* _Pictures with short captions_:
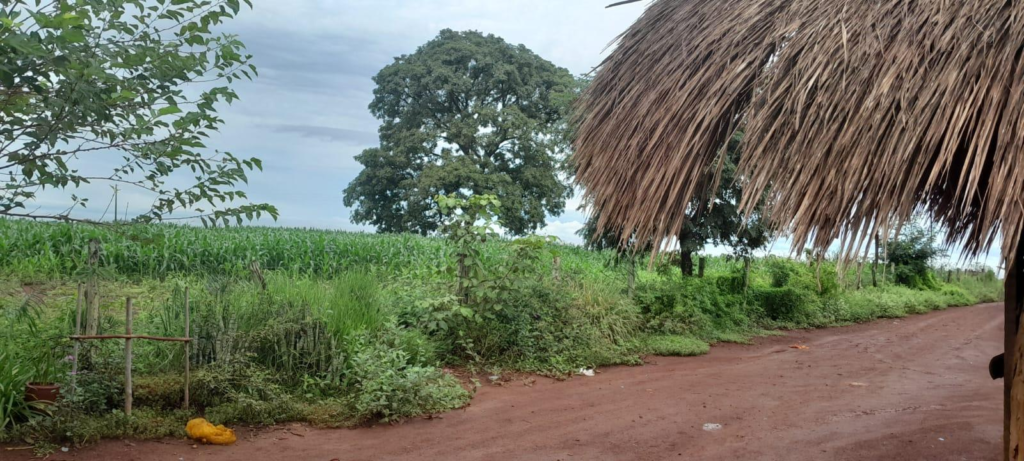 Relatório aponta impactos de agrotóxicos e avanço de mediação de conflitos em terras Guarani no MS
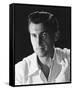 Stewart Granger-null-Framed Stretched Canvas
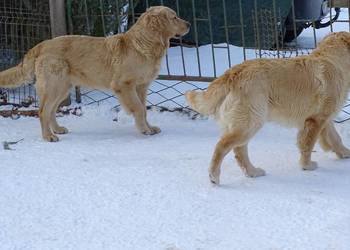 Golden retriever 8 miesięczne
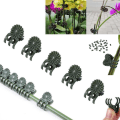 Miniatyrbild 1 av 5: 100-pack Orkideklämmor Vertikal Gren Stake för Flo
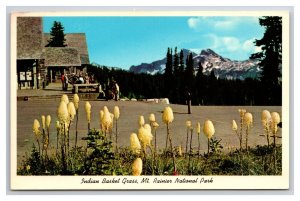 Indian Basket Grass Mt Rainier National Park Washington UNP Chrome Postcard S25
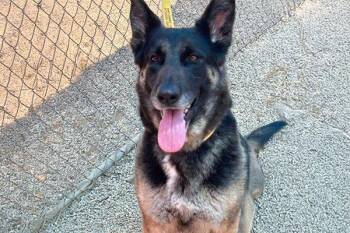 German Shepherd Dog Dogs Available for Adoption in Newport Beach, California - Glenda | PetCurious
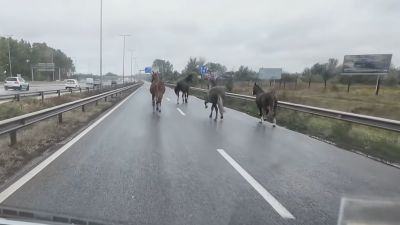 Rendőrök terelték le az M5-ösről a forgalommal szemben vágtató lovakat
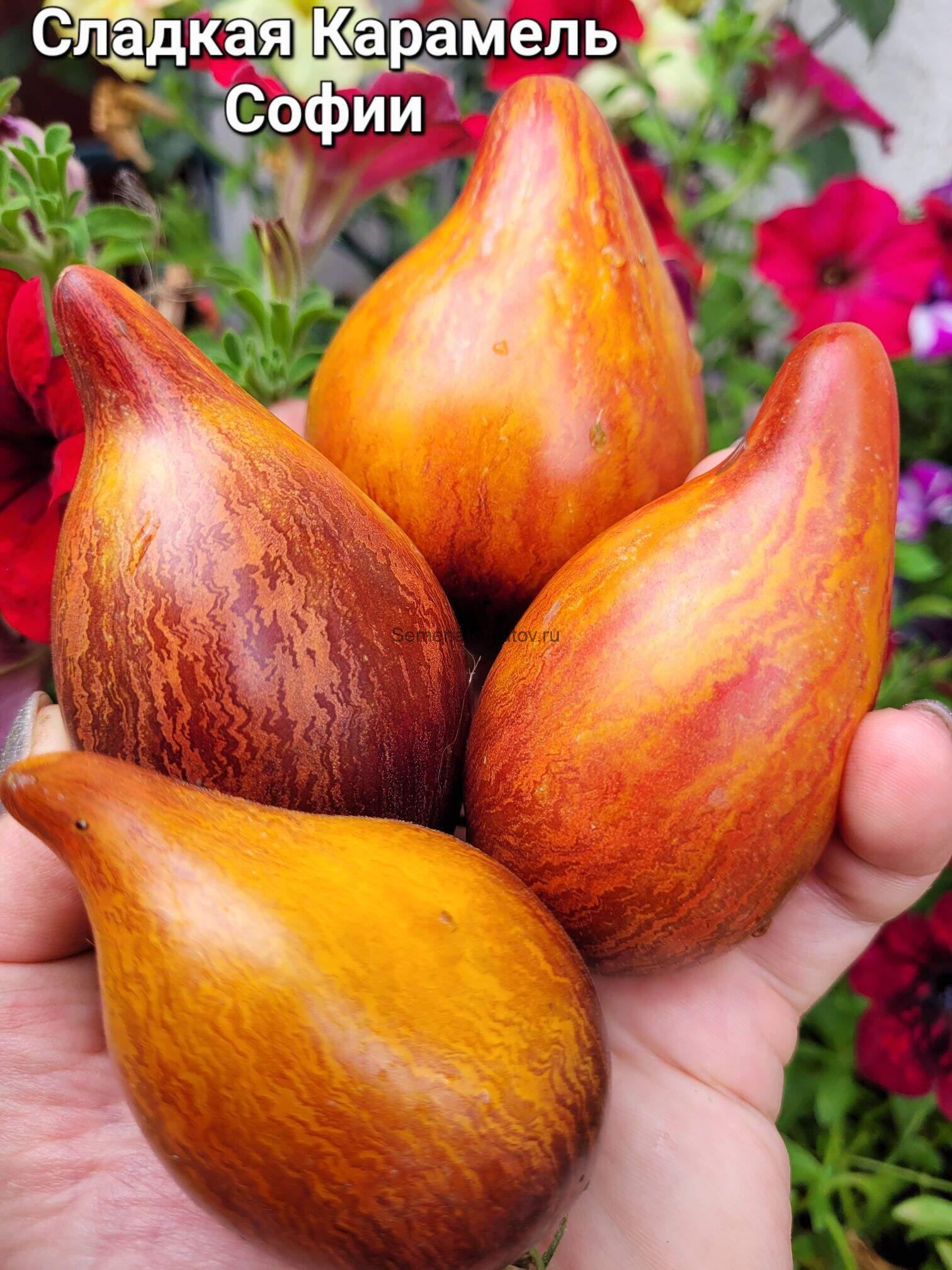 Сладкая Карамель Софии — изображение 4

* _Task instructions_:
Nothing but the lines above, starting at the line that contains "Stewart Granger-null-Framed Stretched Canvas" and ending at the line that contains "Indian Basket Grass", should be given again, exactly and without the pictures.

* _Exercise result_:
 Stewart Granger-null-Framed Stretched Canvas
 Golden retriever 8 miesięczne
 Miniatyrbild 1 av 5: 100-pack Orkideklämmor Vertikal Gren Stake för Flo
 Indian Basket Grass Mt Rainier National Park Washington UNP Chrome Postcard S25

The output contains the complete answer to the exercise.